▶ _Exercise aim_
Nothing but the lines from the start of the data through the line with "Meticcio cani in" should appear in the answer, each retyped exactly, and pictures should not.

* * * * * * * * *

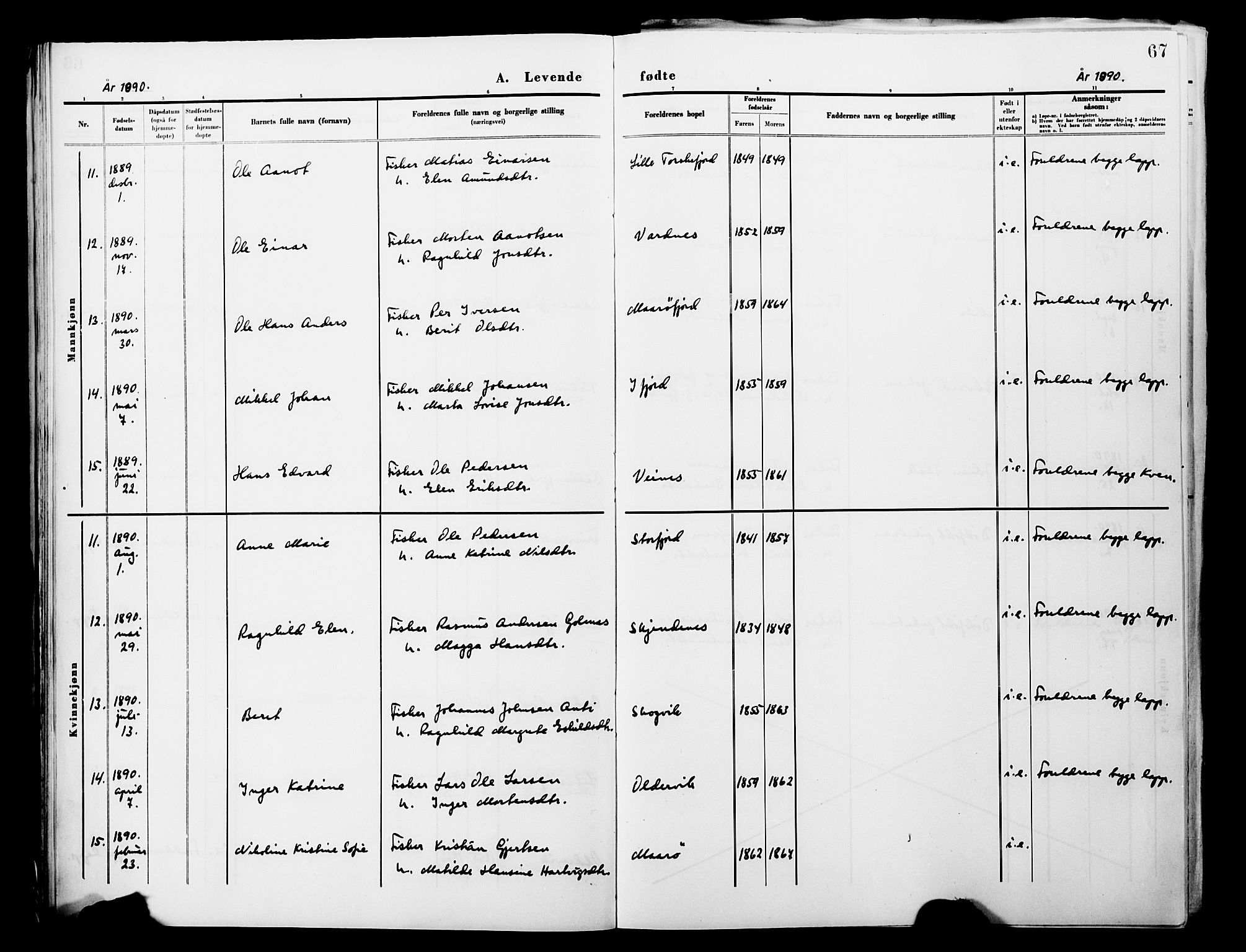 Lebesby sokneprestkontor, AV/SATØ-S-1353/H/Ha/L0004kirke: Parish register (official) no. 4, 1870-1902, p. 67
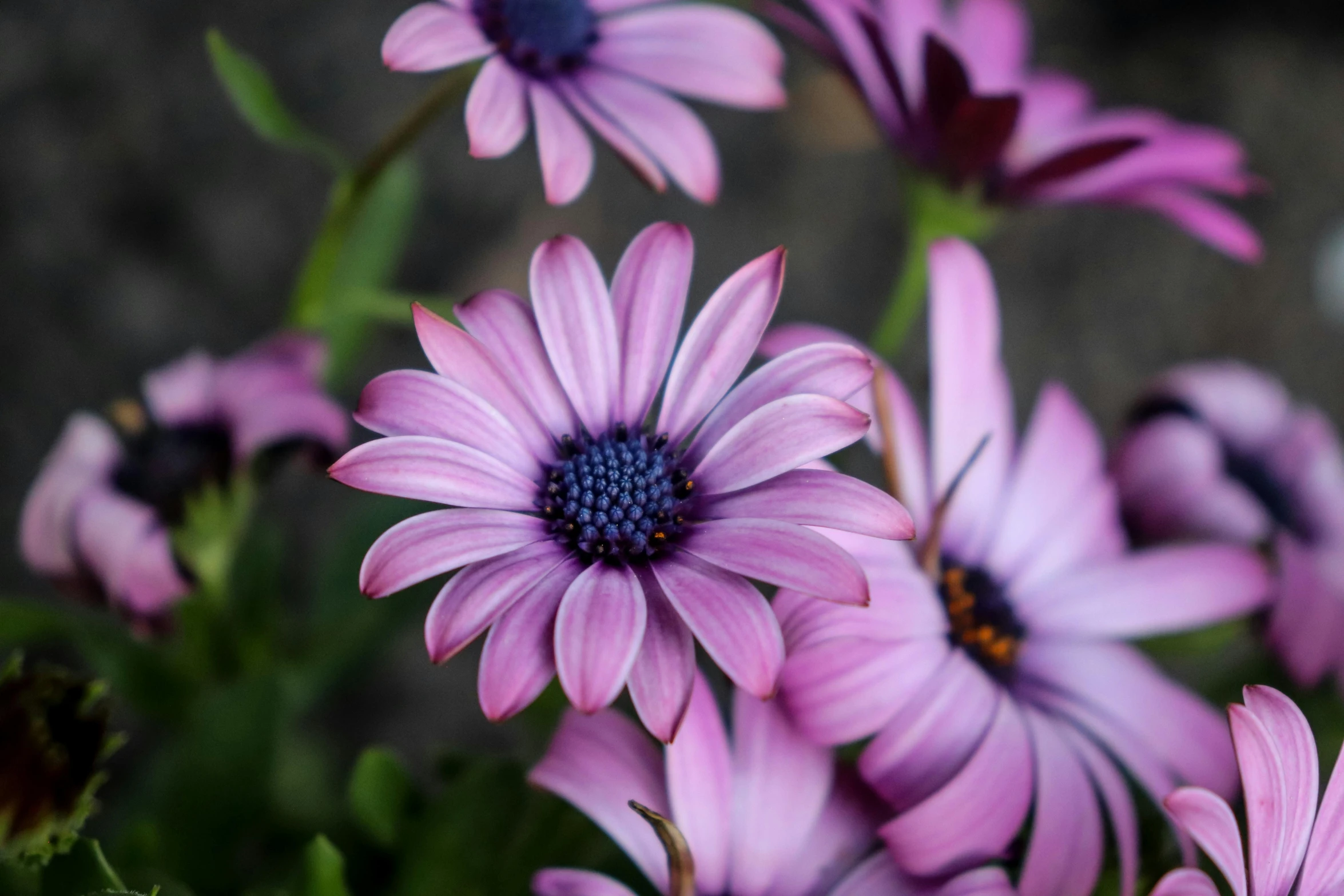 a close up of a bunch of purple flowers, by Arie Smit, pexels contest winner, photorealism, daisies, shades of pink and blue, today\'s featured photograph 4k, mediumslateblue flowers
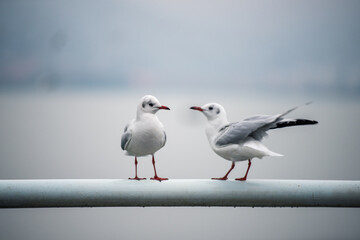 black headed gull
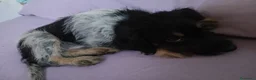 Meticcio cani in vendita: Durlindano - Annuncio 3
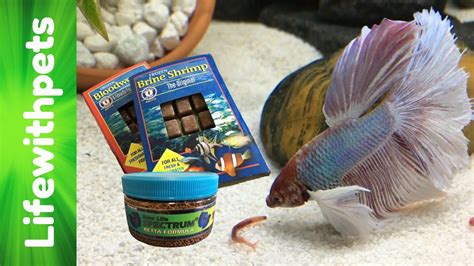 What to Feed Beta Fish: Exploring the Culinary World of Your Aquatic Companion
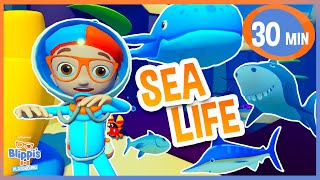 Blippi Roblox Sea Friend Search Adventure  Educational Videos for Kids [upl. by Parrish]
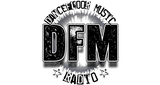 Logo DFM Radio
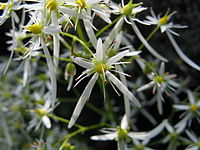 Saxifraga fortunei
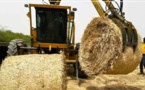 Richard-Toll : la CSS offre des balles de paille de canne à sucre d’une valeur de 4 milliards à des éleveurs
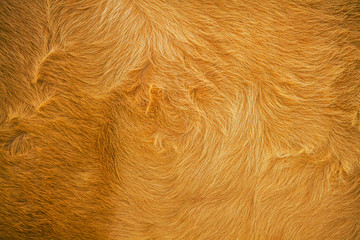 The fur of cows dyed orange and the fabric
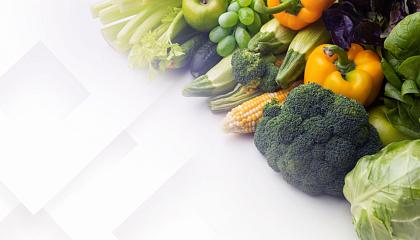 Taller de alimentos ultraprocesados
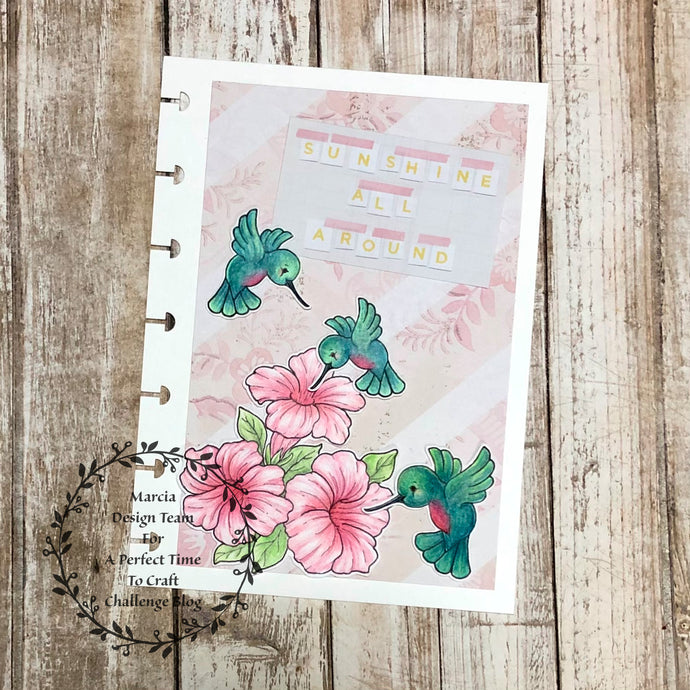 Sunshine and Hummingbirds
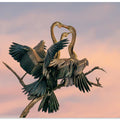 Art Prints of Oriental Darter feeding Juveniles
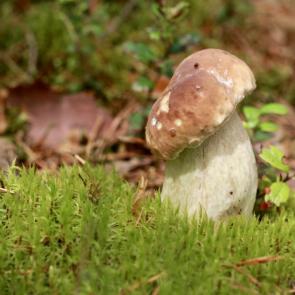 ����: ������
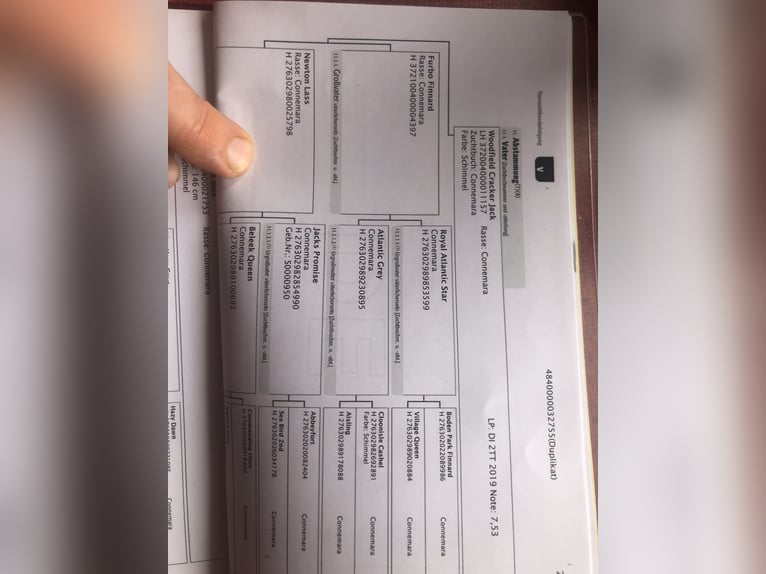 Connemara Yegua 3 años 148 cm Musgo in Höslwang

* * * * * * * * *

▶ _The completed task_
 Lebesby sokneprestkontor, AV/SATØ-S-1353/H/Ha/L0004kirke: Parish register (official) no. 4, 1870-1902, p. 67
 a close up of a bunch of purple flowers, by Arie Smit, pexels contest winner, photorealism, daisies, shades of pink and blue, today\'s featured photograph 4k, mediumslateblue flowers
 black headed gull
 Meticcio cani in vendita: Durlindano - Annuncio 3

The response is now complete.